Radial symmetry of stationary and uniformly-rotating solutions to the 2D Euler equation in a disc

TL;DR

This paper investigates the radial symmetry of stationary and rotating solutions to the 2D Euler equations in a disc, establishing sharp conditions under which solutions must be radially symmetric, using novel elliptic symmetry techniques.

Contribution

It proves sharp symmetry results for rotating patches and smooth solutions of the 2D Euler equations in a disc, introducing new methods for elliptic symmetry analysis.

Findings

Rotating patches with certain angular velocities are necessarily radial.

Smooth solutions with specific angular velocity bounds are radially symmetric.

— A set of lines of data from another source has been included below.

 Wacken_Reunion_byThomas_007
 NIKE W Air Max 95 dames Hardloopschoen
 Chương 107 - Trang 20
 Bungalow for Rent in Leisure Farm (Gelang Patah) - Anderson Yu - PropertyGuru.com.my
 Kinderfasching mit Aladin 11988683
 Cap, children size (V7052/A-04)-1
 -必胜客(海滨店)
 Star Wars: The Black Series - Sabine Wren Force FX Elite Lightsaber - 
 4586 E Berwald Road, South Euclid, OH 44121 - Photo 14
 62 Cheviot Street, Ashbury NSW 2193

New approach for symmetry of solutions to coupled elliptic equations.

Abstract

We study the radial symmetry properties of stationary and uniformly rotating solutions of the 2D Euler equation in the unit disc, both in the smooth setting and the patch setting. In the patch setting, we prove that every uniformly rotating patch with angular velocity $\Omega\le 0$ or $\Omega \ge 1/2$ must be radial, where both bounds are sharp. The conclusion holds under the assumption that the rotating patch considered is disconnected, with its boundaries consisting of several Jordan curves. We also show that every uniformly rotating smooth solution $\omega_0$ must be radially symmetric if its angular velocity $\Omega\le \inf \omega_0/2$ or $\Omega\ge \sup \omega_0/2$. The proof is based on the symmetry properties of non-negative solutions to elliptic problems. A newly tailored approach is developed to address the symmetries of non-negative solutions to piecewise coupled semi-linear elliptic equations.